Short-run: Factor costs (especially wages) are fixed.
Long-run: Factor costs are variable and adjust to the price level.
Two Main Views on Aggregate Supply in the Long-Run
Monetarist/New Classical view.
Keynesian view.
Both views can be used interchangeably in the IB Economics course.
Monetarist/New Classical View of LRAS
Focuses on the distinction between the short run and long run.
Advocates a different relationship between aggregate supply and price level in the long-run vs. the short-run.
LRAS curve is vertical at potential output (Yp).
Potential output is the output level when all costs of production are variable.
In the long run, wages and input prices adjust to match price level changes, keeping firms’ real costs constant. Thus, output remains the same regardless of price level changes.
Keynesian View of AS Curve
Resource prices (especially wages) cannot fall, even after long periods.

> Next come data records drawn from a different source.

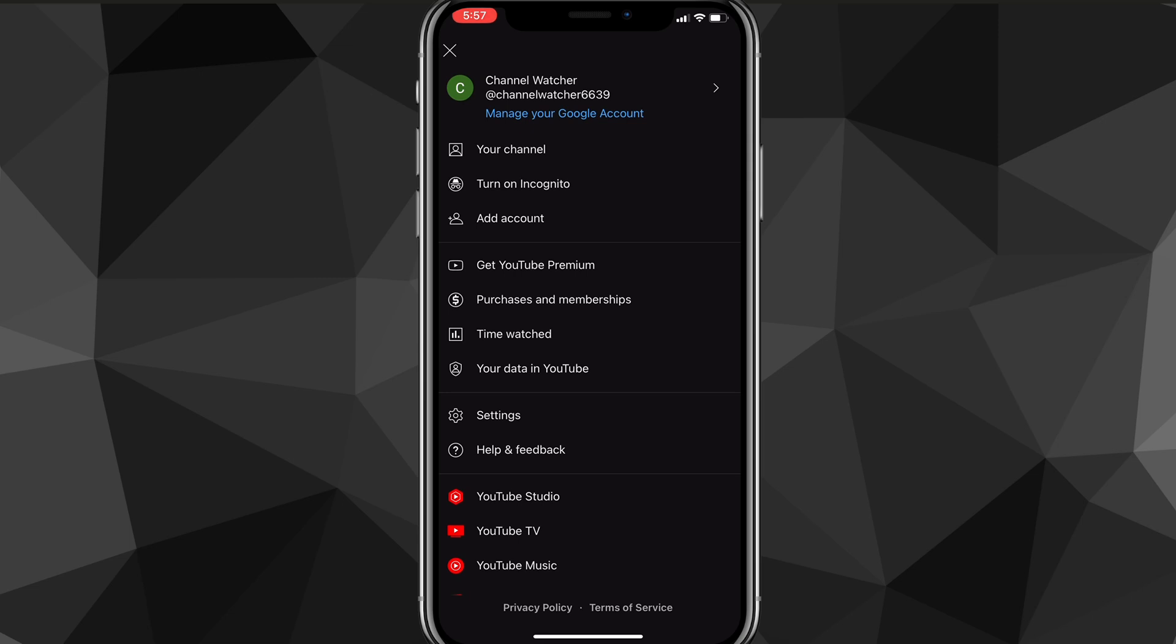Here, look for the option that says Settings. Once you find the Settings option, click on it. It should look like a gear with Settings written next to it. Once you find it, just click on it and it will bring you to the Settings page.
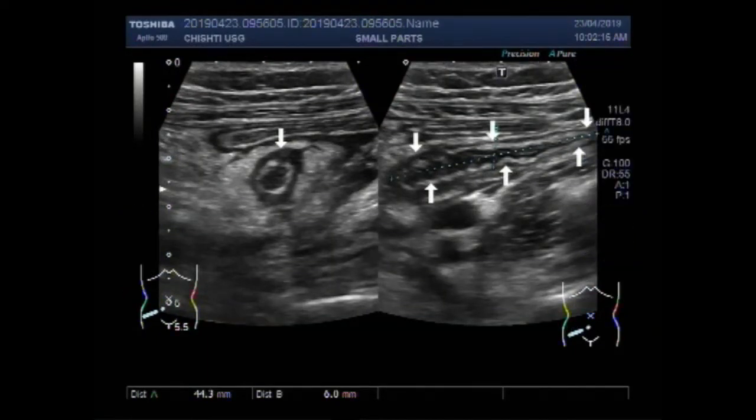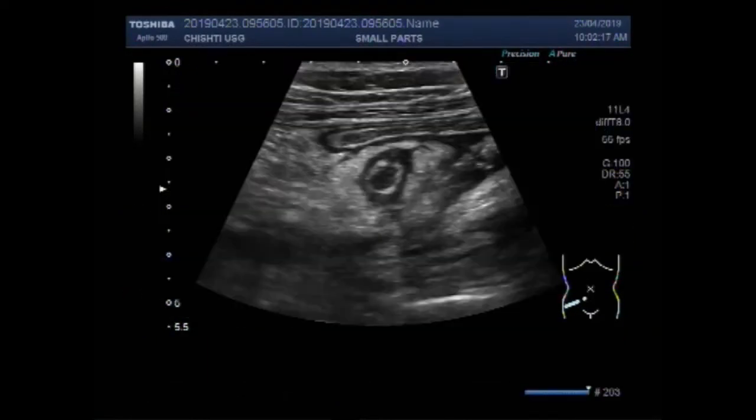Dear viewers, I hope you are all fine. This ultrasound video shows a case of acute appendicitis.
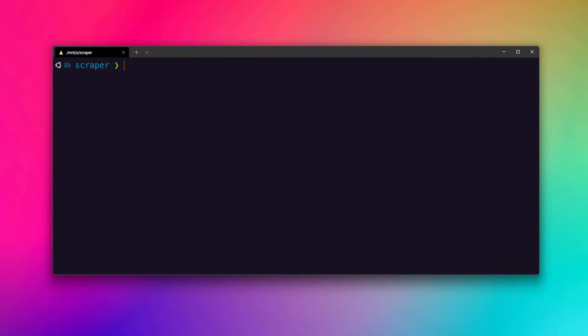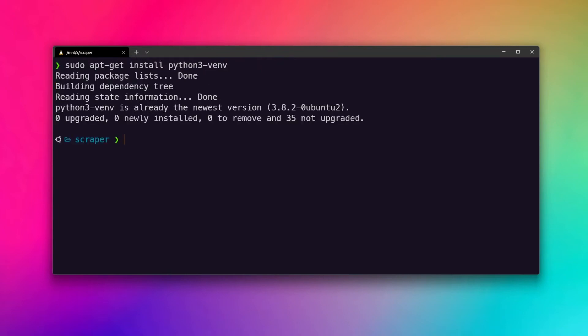To create a virtual environment on Ubuntu with Python, make sure you have the venv module. You can install it with: sudo apt-get install python3-venv. If you installed Python using the installer it would already be there, but if you installed Python manually this module may be missing.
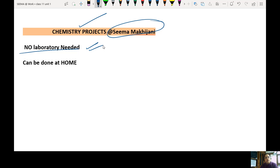It uses a small amount of chemicals which are easily available at home. The second project is casein from milk, which is an extraction as well as a comparative study project. The third is foaming capacity for shampoos. As you can see, the requirements are all from home.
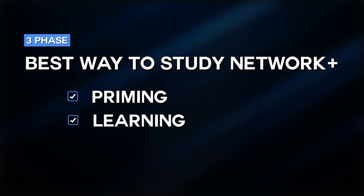So getting right into things, the best way to study for Network Plus and certifications in general, in my opinion, is using this three-phase approach. The first phase being priming, the second phase being learning, and the third phase being polishing.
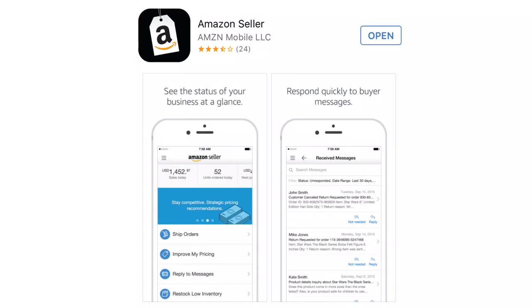What's up guys, Glenn with Hustler Hacks. I'm a little sick, but I really wanted to get this video out there. I get very similar questions in all my videos, which is: what app do I use? And I use the Amazon Seller app.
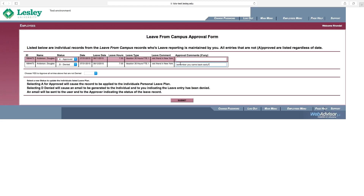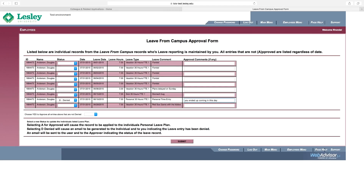Once you are finished marking your entries as approved or denied, you may simply click Submit at the bottom of the page and you will be finished. If you have many entries to approve, you can select Yes from the drop-down menu near the bottom of the page to automatically approve all entries that have not been marked as denied, and then click Submit.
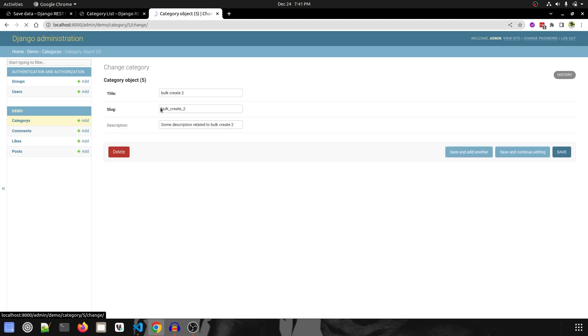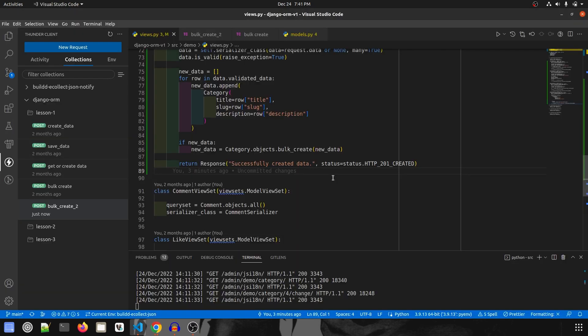That's it for this video. We've seen multiple ways of saving data using Django ORM into models: dot create, dot save, get_or_create, and bulk_create. In the next video we are going to cover many-to-many relationship data saving. Make sure to subscribe to the channel, like this video, and share. See you in the next one.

Focuses on the inability of an economy to move into the long run when there is downward price level pressure.
Keynesian AS curve has three sections:
Horizontal section: At low output levels, significant underutilisation of resources allows firms to expand production without increasing costs.
Upward-sloping section: As output increases, some resources become scarce, pushing up wages and input prices, leading to increased final prices.
Vertical section: Beyond potential output (Yp), all resources are employed, and further price increases do not lead to increases in real output.